+++ EXTRACTED DATA

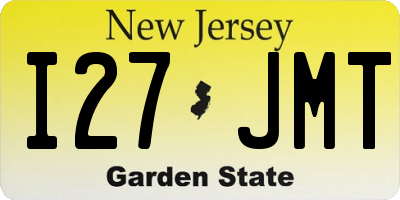 NJ license plate I27JMT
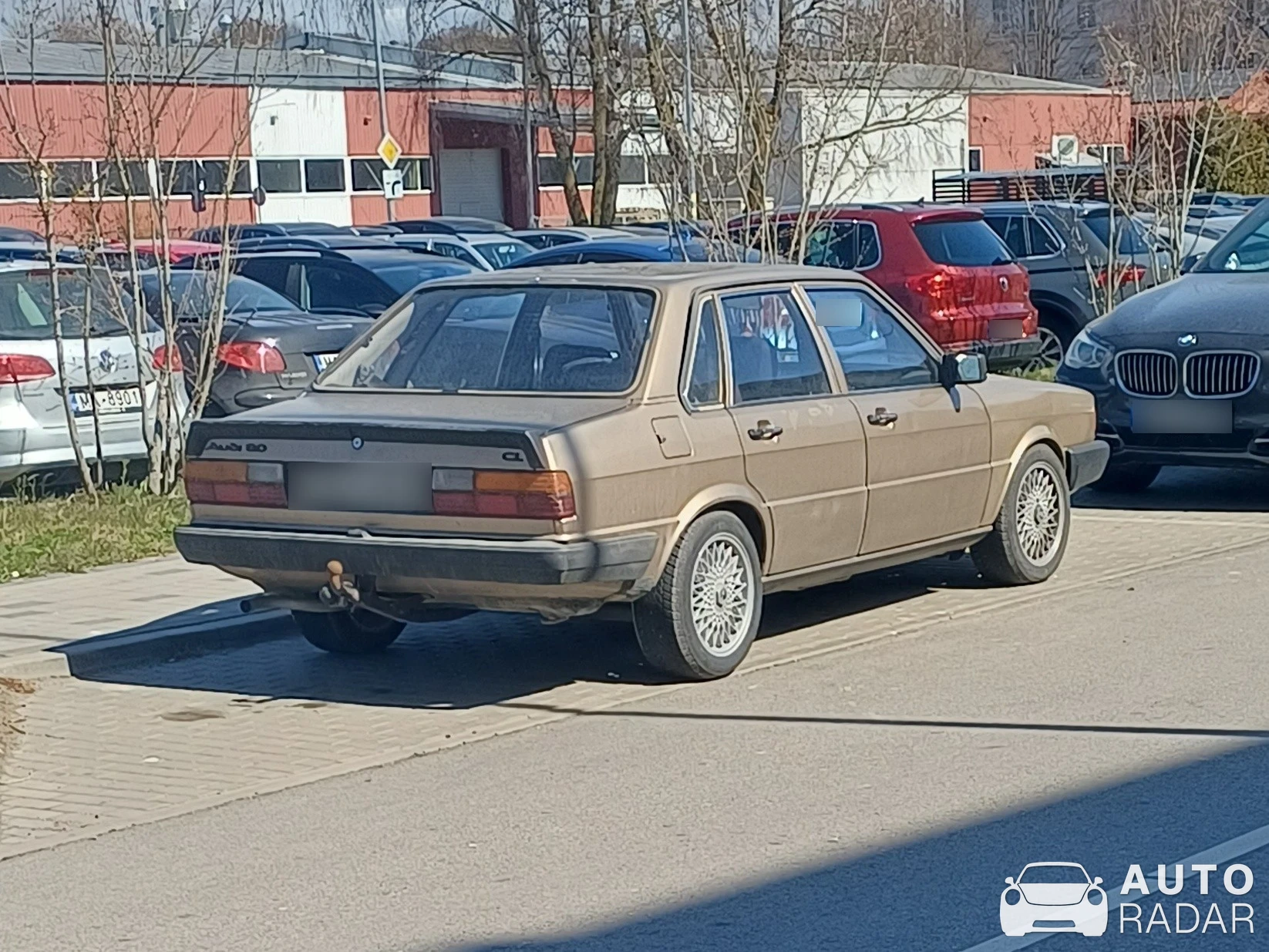 Audi 80 B2 spotted in Liepāja
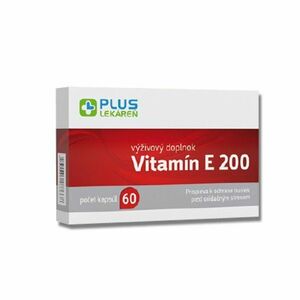 Plus Lekáreň Vitamín E 200 60 cps vyobraziť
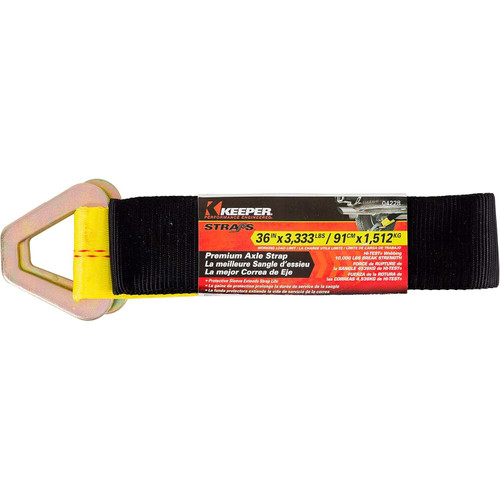 Keeper 04228  2" x 36" Premium Axle Strap with D-Rings Image 1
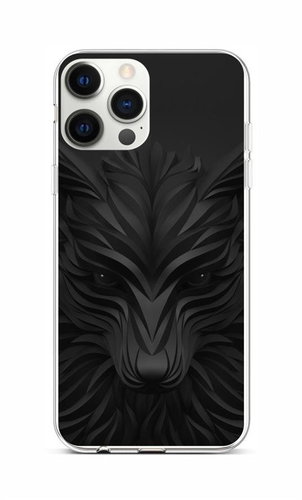 TopQ iPhone 12 Pro Max Silicone Black Wolf 53585 - Phone Cover - Main image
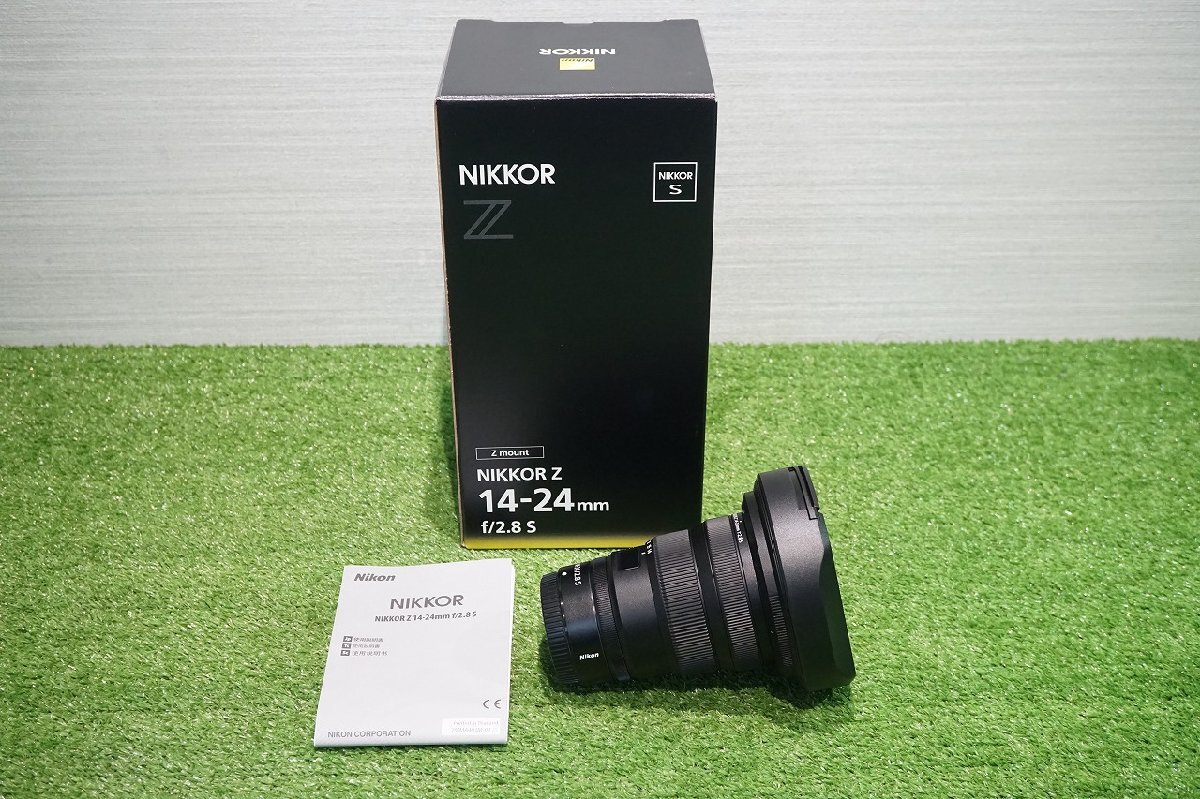 [QS][E6988280] Nikon ニコン NIKKOR Z 14-24mm 1:2.8 S 14-24/2.8S ズームレンズ 使用説明書/元箱 付属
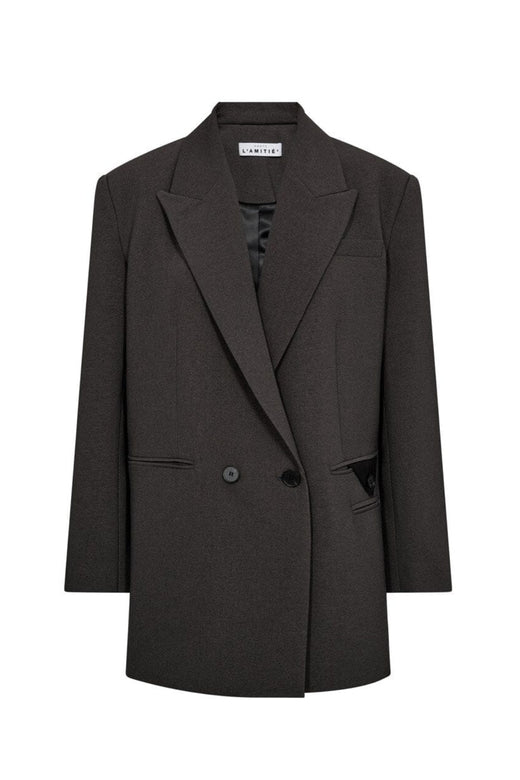 Haute L'Amitié - Emerald Oversize Triangle Blazer HL10463 - Dark Grey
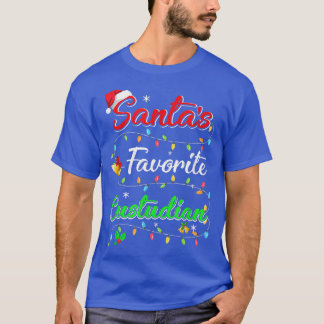Funny Xmas Santa's Favourite Custodian Christmas  T-Shirt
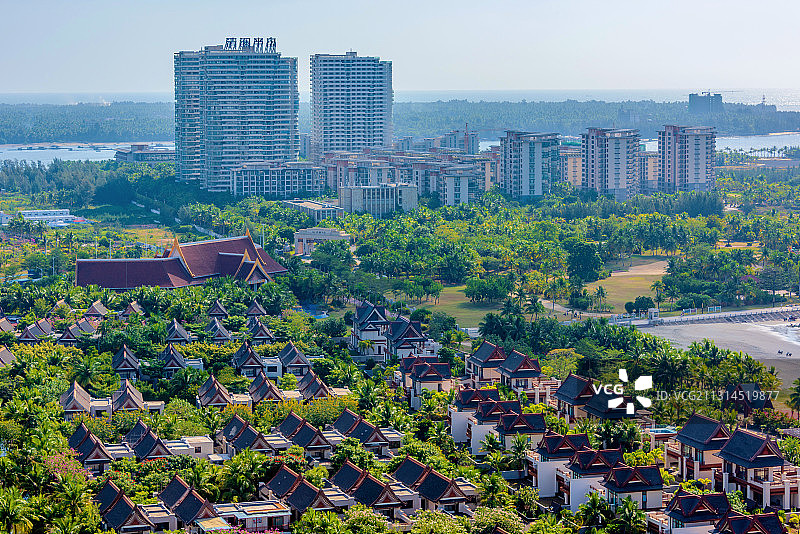 中国海南省文昌市清澜高隆湾高档社区图片素材
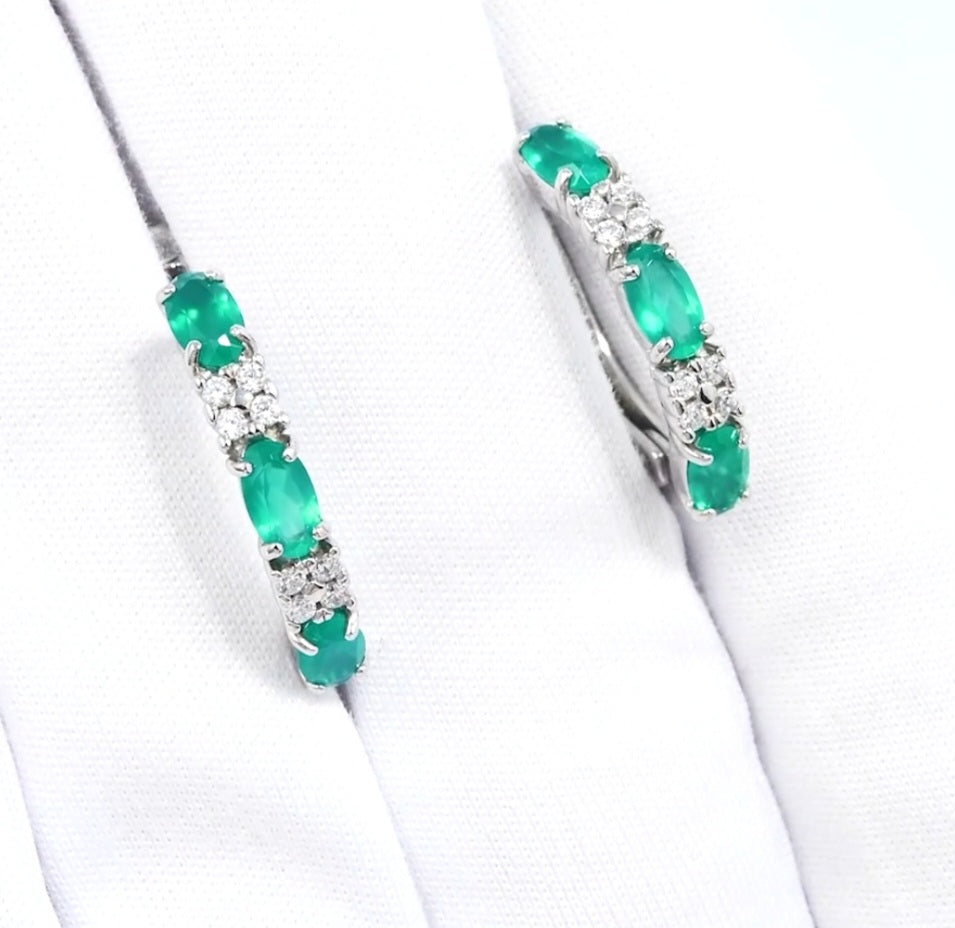 Silber Ohrringe mit Achat und Zirkonia Art. Nr. 92022450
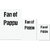 UDNAG Untearable Waterproof Stickers 155GSM 'Pappu | Fan of Pappu' A4 x 1pc, A5 x 1pc & A6 x 2pc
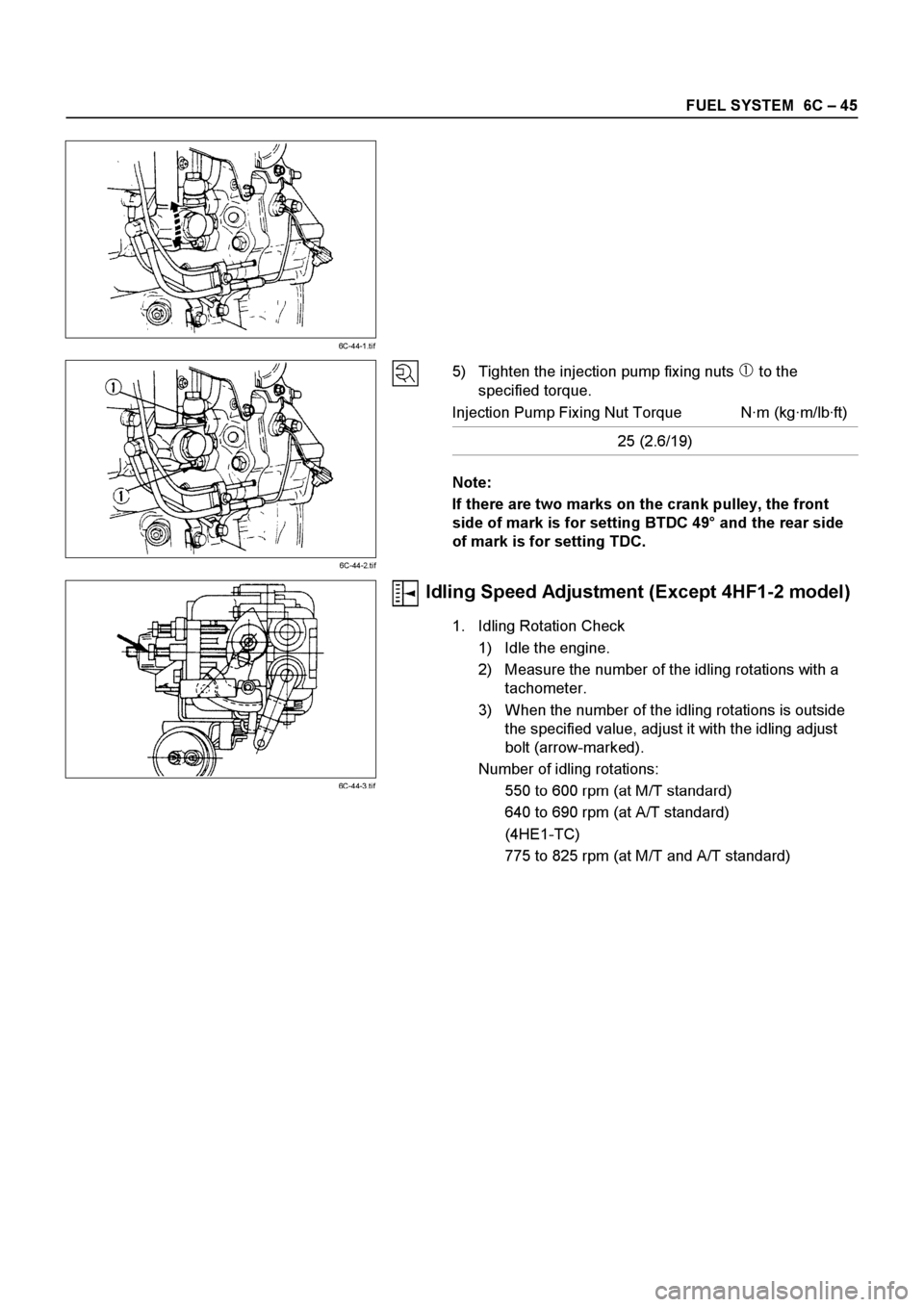 ISUZU ELF 1999  Workshop Manual 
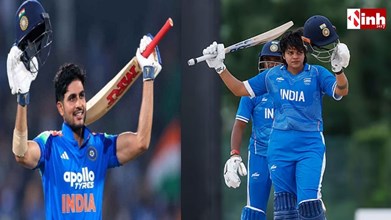 शुभमन गिल ने 223 रन ठोककर रचा इतिहास, शेफाली वर्मा ने भी मचाया धमाल, दोनों को ICC अवॉर्ड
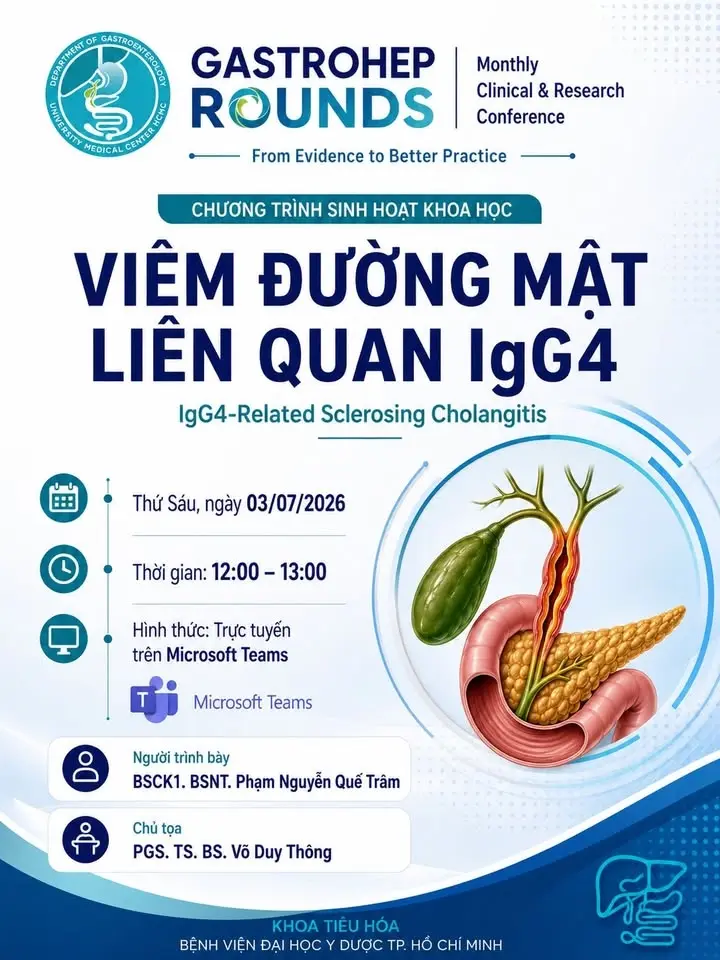 Sinh hoạt khoa học: Viêm đường mật liên quan IgG4 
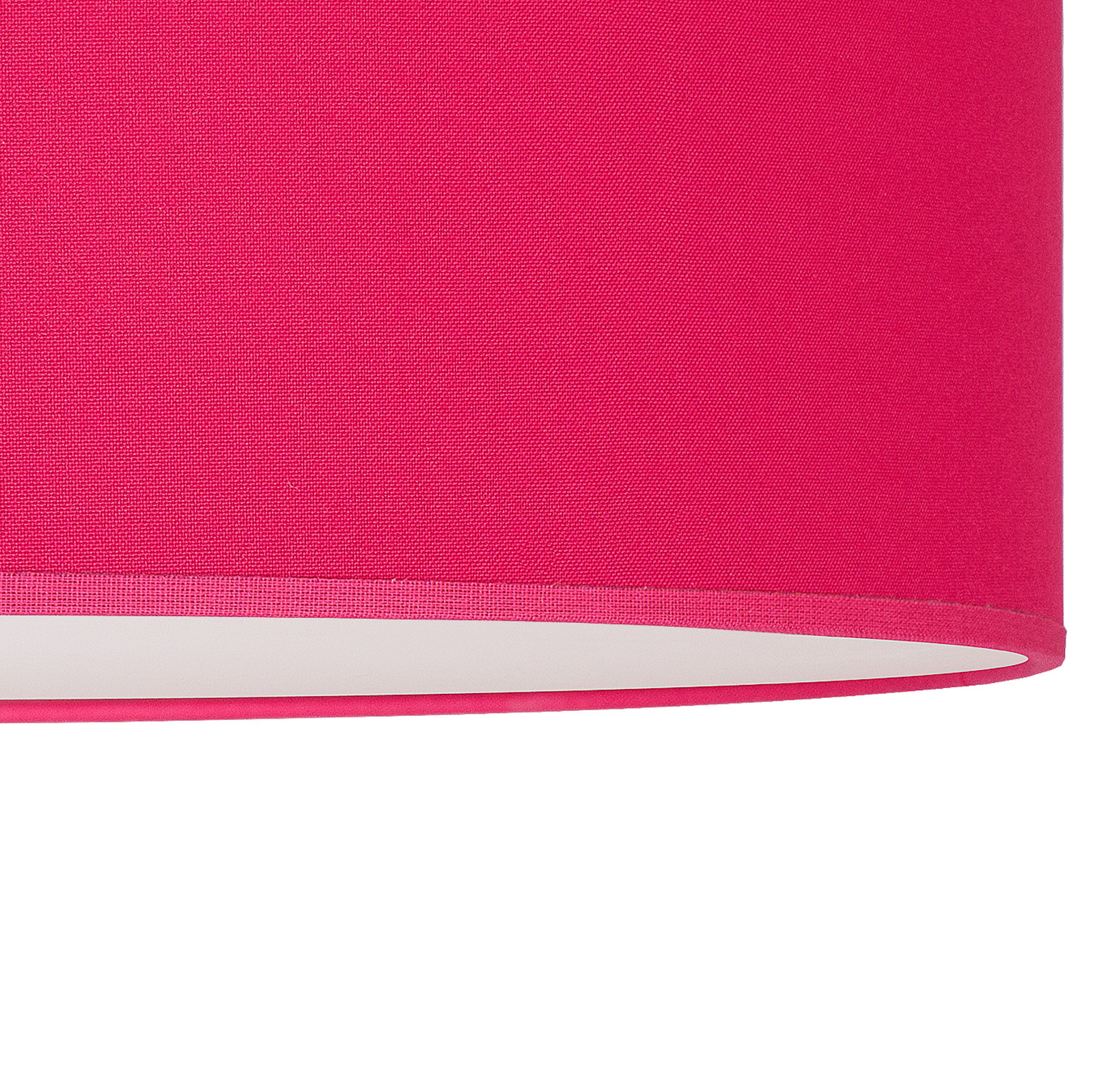 Euluna rulltekk, roosa riidest varjund, Ø 40 cm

++++++

▶ _WHAT IS NEEDED_
Leave out the pictures and print each record exactly as it stands.

▶ _YOUR RESPONSE_
 NJ license plate I27JMT
 Audi 80 B2 spotted in Liepāja
 Plus Lekáreň Vitamín E 200 60 cps vyobraziť
 Keeper 04228  2" x 36" Premium Axle Strap with D-Rings Image 1
 TopQ iPhone 12 Pro Max Silicone Black Wolf 53585 - Phone Cover - Main image
 [QS][E6988280] Nikon ニコン NIKKOR Z 14-24mm 1:2.8 S 14-24/2.8S ズームレンズ 使用説明書/元箱 付属
 Haute L'Amitié - Emerald Oversize Triangle Blazer HL10463 - Dark Grey
Funny Xmas Santa's Favourite Custodian Christmas  T-Shirt
 中国海南省文昌市清澜高隆湾高档社区图片素材
 Silber Ohrringe mit Achat und Zirkonia Art. Nr. 92022450
 UDNAG Untearable Waterproof Stickers 155GSM 'Pappu | Fan of Pappu' A4 x 1pc, A5 x 1pc & A6 x 2pc
 ISUZU ELF 1999  Workshop Manual 
 शुभमन गिल ने 223 रन ठोककर रचा इतिहास, शेफाली वर्मा ने भी मचाया धमाल, दोनों को ICC अवॉर्ड
 Sinh hoạt khoa học: Viêm đường mật liên quan IgG4 
 Euluna rulltekk, roosa riidest varjund, Ø 40 cm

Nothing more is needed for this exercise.